VBP301 AML Clinical Trial
The FDA has cleared Vor Bio’s Investigational New Drug (IND) application for VCAR33ALLO, a CAR-T cell therapy derived from allogeneic healthy donors that targets the CD33 protein. VCAR33ALLO is being studied in the VBP301 clinical trial, which will focus on patients aged 18 and older who have relapsed following an allogeneic stem cell transplant, including patients who have received trem-cel.
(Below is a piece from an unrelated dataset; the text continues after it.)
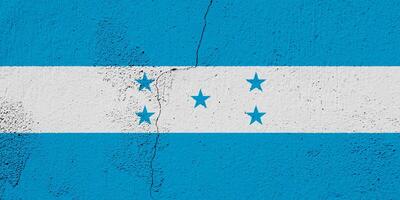 bandiera di repubblica di Honduras su un' strutturato sfondo. concetto collage. foto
This trial uses T cells harvested from the original donor as the starting material for the drug product.
Mylotarg, an Antibody Drug Conjugate (ADC), is currently the only anti-CD33 therapy approved by the FDA. We believe that our CAR-T product candidate, VCAR33ALLO, may ultimately be a better targeted therapy due to higher expected potency and longer expected persistence.
More on the VBP301 study, including participating centers, can be found here.
Vor Bio is working with clinical trial investigators at leading transplant and cancer centers in the U.S. and Canada with close oversight from the U.S. Food & Drug Administration (FDA) and Health Canada, as well as an independent data safety monitoring committee. Together, these groups provide rigorous supervision to ensure patient and donor safety
Joining a clinical trial
Clinical trials are highly regulated by the US Food and Drug Administration and other governmental regulatory agencies for the safety of patients and for the validity of the data. Vor Bio cannot help you in any way get into a trial. We can, however, direct you to information about the trial and to the clinical investigators who are managing the trial at the various transplant centers.